**DESCRIPTION OF THE TASK**: Lines from the one containing "Balmain Fringed Tweed" through the final line of the data, restated word for word and free of pictures, make up the whole answer.

**AVAILABLE DATA**:
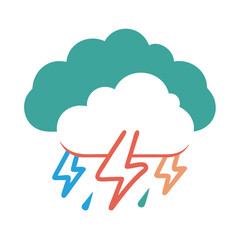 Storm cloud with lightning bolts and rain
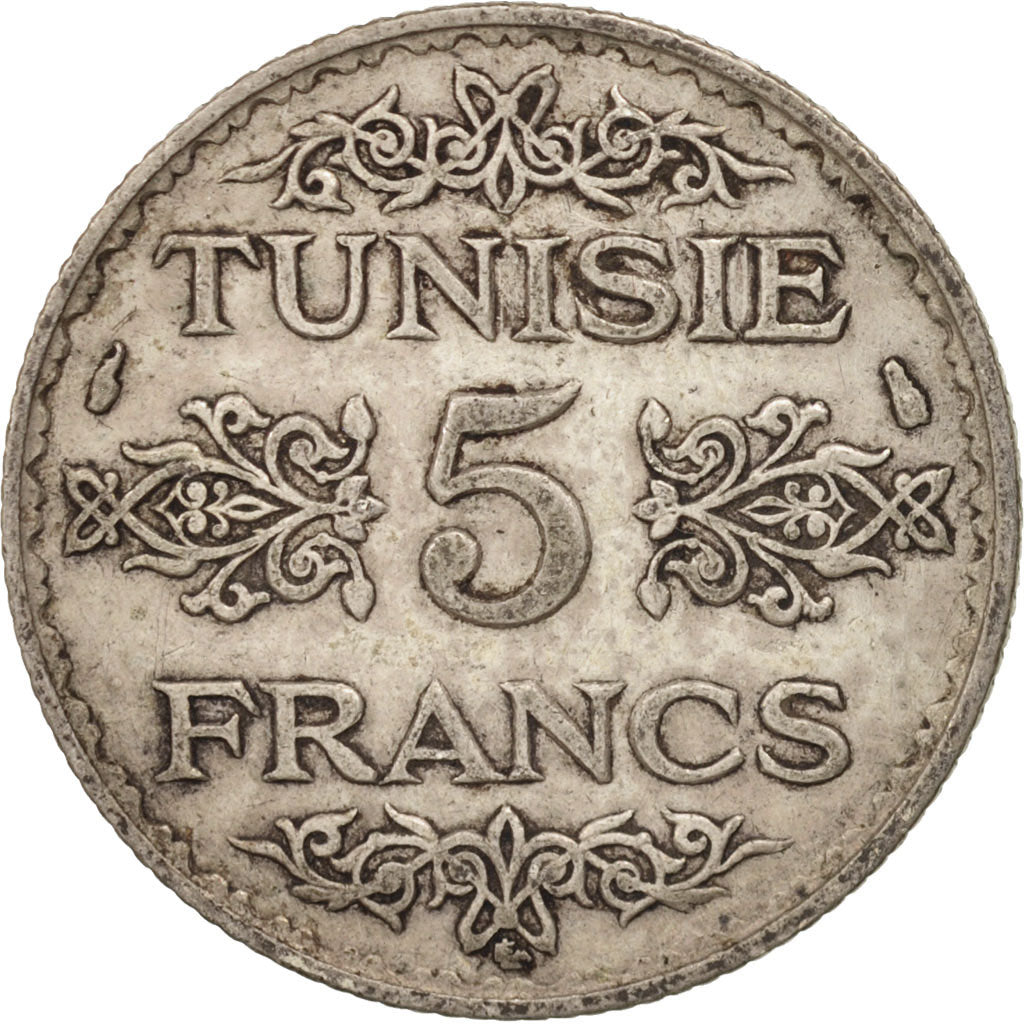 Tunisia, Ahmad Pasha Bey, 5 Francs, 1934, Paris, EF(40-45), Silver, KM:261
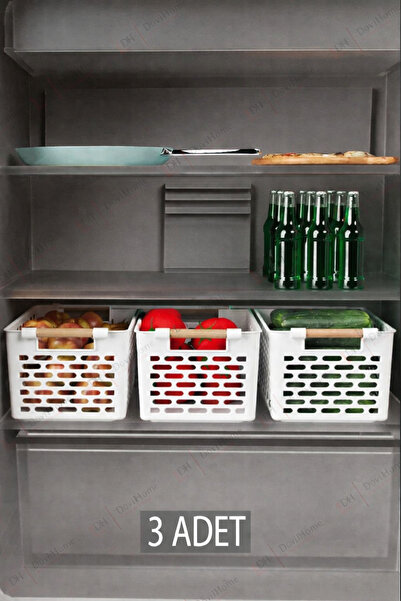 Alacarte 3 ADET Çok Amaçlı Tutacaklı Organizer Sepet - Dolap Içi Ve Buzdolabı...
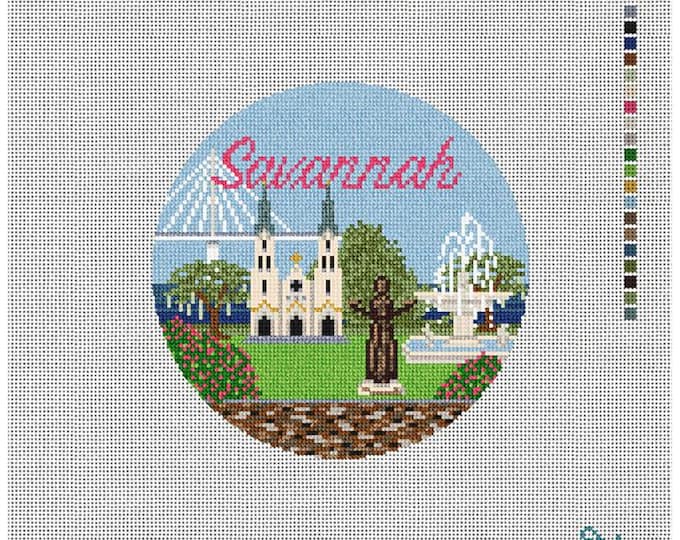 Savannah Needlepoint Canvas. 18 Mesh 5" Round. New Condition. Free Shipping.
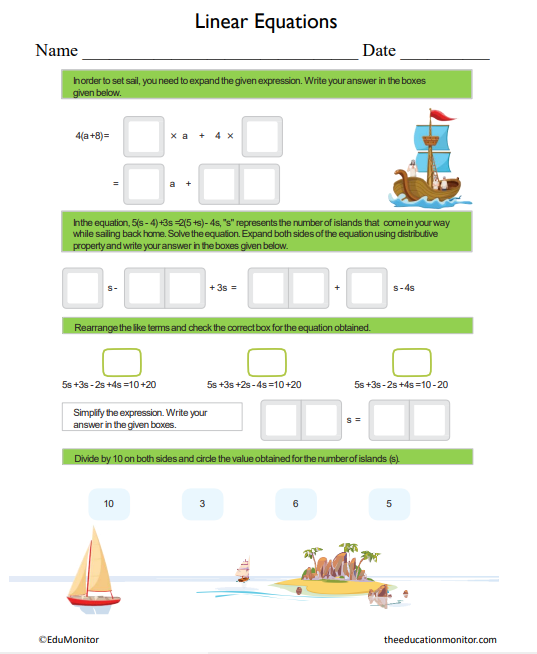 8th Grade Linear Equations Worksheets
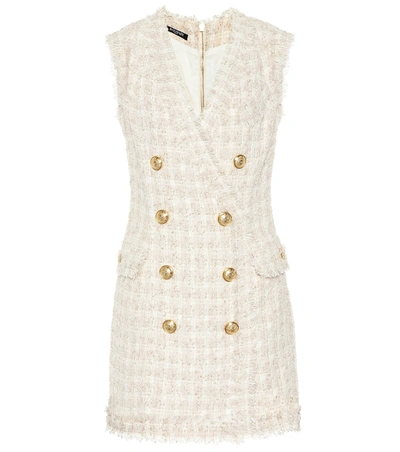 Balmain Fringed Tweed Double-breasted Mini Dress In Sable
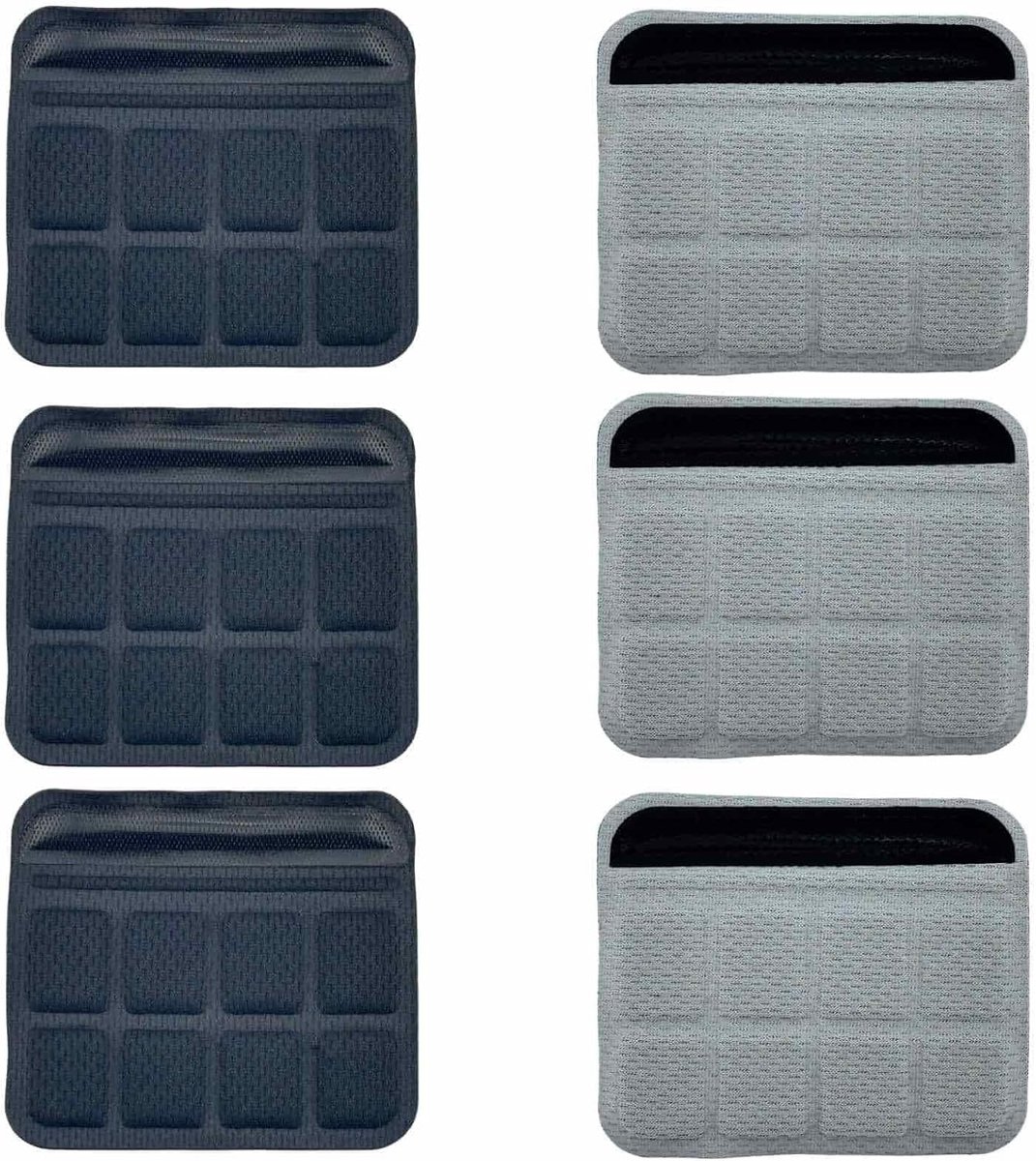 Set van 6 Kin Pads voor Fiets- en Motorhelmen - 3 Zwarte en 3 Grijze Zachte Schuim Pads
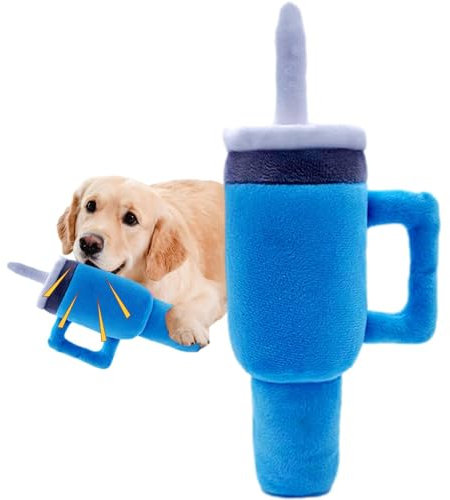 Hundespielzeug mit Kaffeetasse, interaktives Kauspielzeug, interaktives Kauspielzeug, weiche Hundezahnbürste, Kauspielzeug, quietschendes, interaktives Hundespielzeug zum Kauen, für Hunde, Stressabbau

**RESULT FOR THIS EXERCISE**:
 Balmain Fringed Tweed Double-breasted Mini Dress In Sable
 Set van 6 Kin Pads voor Fiets- en Motorhelmen - 3 Zwarte en 3 Grijze Zachte Schuim Pads
 Hundespielzeug mit Kaffeetasse, interaktives Kauspielzeug, interaktives Kauspielzeug, weiche Hundezahnbürste, Kauspielzeug, quietschendes, interaktives Hundespielzeug zum Kauen, für Hunde, Stressabbau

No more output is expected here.